A Trova do Vento que Passa de Manuel Alegre marcou os nossos anos 60. Denúncia da ditadura, da opressão, da tristeza e apelo à sementeira de canções ao vento que passava para manter a chama da Liberdade. O exercício da memória colectiva e histórica não é propriamente atributo nacional, mas é uma necessidade. De facto, poder-se-á compreender melhor o Presente se recordarmos os factos e as realidades que marcaram o Passado.

Quarenta e oito anos depois, para quê recordar esse Verão quente de 75? Foi acidente de percurso, durante uns meses, talvez um produto da teoria do caos aplicada à sociologia, e que noutras áreas nos ajuda a compreender os saltos quânticos inesperados na evolução da Vida na Terra. Mas a semente ideológica que sustentou essa aventura continuou presente e activa na acção política em décadas subsequentes, influenciando decisivamente a formação política e ideológica de sector muito relevante dos protagonistas do tempo actual e, quem saberá, se do Futuro. Constituiu um ruído de fundo, qual murmúrio do vento na folhagem, assente numa história depurada das loucuras e exageros do seu tempo, para melhor perpetuar a mitologia, no discurso e na acção.

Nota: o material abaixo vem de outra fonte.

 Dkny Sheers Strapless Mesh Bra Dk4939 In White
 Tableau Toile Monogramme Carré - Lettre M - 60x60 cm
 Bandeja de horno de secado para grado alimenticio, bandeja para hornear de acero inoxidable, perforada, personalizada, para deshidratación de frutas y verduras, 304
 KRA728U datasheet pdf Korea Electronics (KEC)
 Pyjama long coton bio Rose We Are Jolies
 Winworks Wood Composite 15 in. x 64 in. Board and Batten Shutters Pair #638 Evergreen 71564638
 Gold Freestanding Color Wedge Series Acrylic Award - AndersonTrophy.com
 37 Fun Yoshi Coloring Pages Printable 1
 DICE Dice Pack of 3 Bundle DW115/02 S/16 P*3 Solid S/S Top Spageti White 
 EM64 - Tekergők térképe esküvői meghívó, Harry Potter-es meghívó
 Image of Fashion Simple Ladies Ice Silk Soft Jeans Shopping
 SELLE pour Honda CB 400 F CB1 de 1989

Ruído de fundo que me fez ressoar o aviso de Marx sobre a repetição da História quando ela ocorre noutro tempo, noutro modo e noutra época: da tragédia que pode ser o original passará inexoravelmente a comédia. A primavera/verão de 1975 podia ter sido uma tragédia. Não passou de uma loucura terminada em 25 de novembro de 75 pelo combate lúcido, inteligente e patriótico, esse sim verdadeiramente democrático dos outros protagonistas que merecem ser perpetuados na memória histórica e cuja data vai sendo insensivelmente esquecida até ao seu esvaimento na memória colectiva. Porque é um espinho na outra narrativa que esse vento murmura. Daí a referência inicial a George Orwell.

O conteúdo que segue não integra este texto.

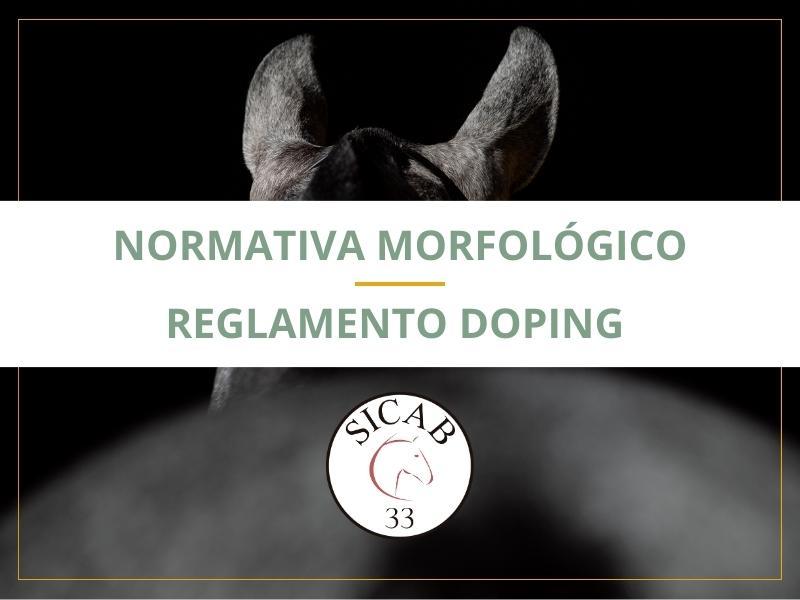ANCCE | SICAB 2023: Normativa Concurso Morfológico y Reglamento Doping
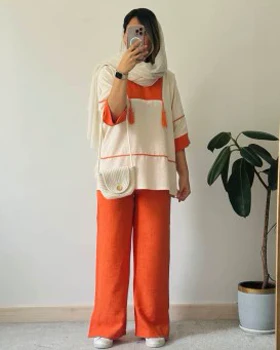 ست تونیک شلوار منگوله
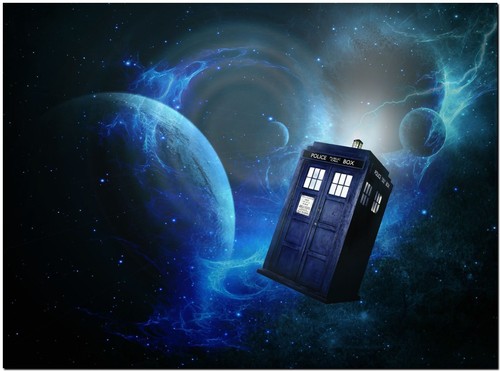 dr who tardis abstract canvas print poster 12x16"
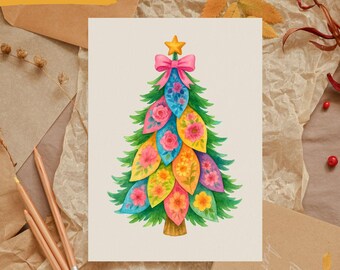 Christmas Tree Coquette Shirt PNG, Girly Christmas PNG, Decorative Christmas Tree PNG, Pink Xmas Tree Clipart, Christmas Tree png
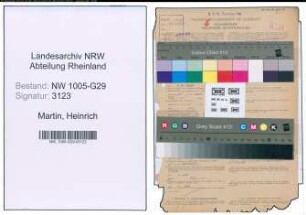 Entnazifizierung Heinrich Martin , geb. 14.11.1891 (Bahnsekretaer)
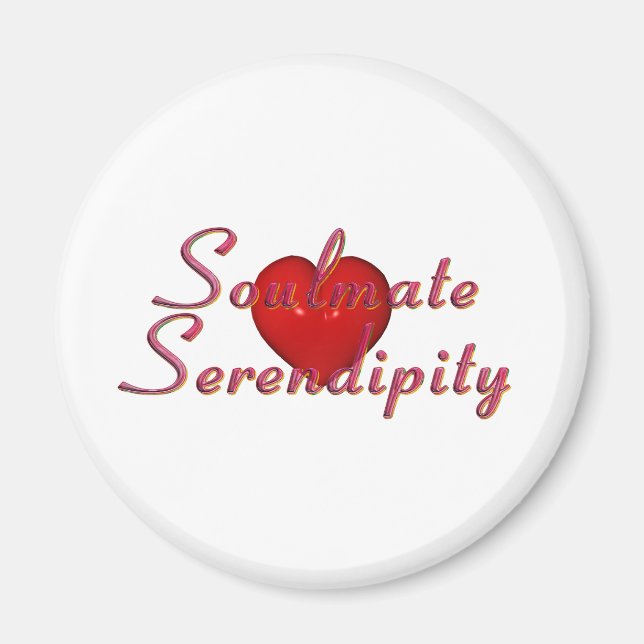 Soulmate Serendipity Magnets Magnet (Framsidan)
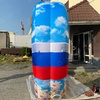 Надувная фигура ко Дню России "Сердце"  - Производственное предприятие АЭРО - Пневмокаркасные шатры и палатки,  надувные рекламные конструкции, надувные сцены, арки  и пневмокостюмы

Analisar será tarefa dos historiadores. Ao cidadão atento e comprometido compete o exercício da memória e as suas lições. Foi a derrota da primavera e verão de 75 que possibilitou a arquitectura do poder democrático e a manutenção do alinhamento político internacional com a Aliança Atlântica e a Europa, viabilizando a adesão posterior à CEE. E assinalou a rota: democracia representativa, tolerante, moderada e capacidade de escolha do seu pendor social no contexto de Liberdade política. E foi o Estado democrático que venceu as erupções de violência revolucionária preservando a tranquilidade cívica.

A semente sobreviveu à queda fragorosa do muro de Berlim, à implosão soviética perante o júbilo e alívio das populações, foi bandeira de esperança alimentada pela memória da revolução do maio de 68 de inspiração maoista, irrompeu no voluntarismo pré-totalitário que marcou o período socrático na tentativa de controle das alavancas do poder cujo equilíbrio é fundamental à democracia representativa e parece perpetuar-se em descendentes desse tempo. Alimentou-se uma ilusão: de que só o que é publico pode servir o interesse colectivo. Ilusão romântica e sedutora? Ou erro de dimensão histórica?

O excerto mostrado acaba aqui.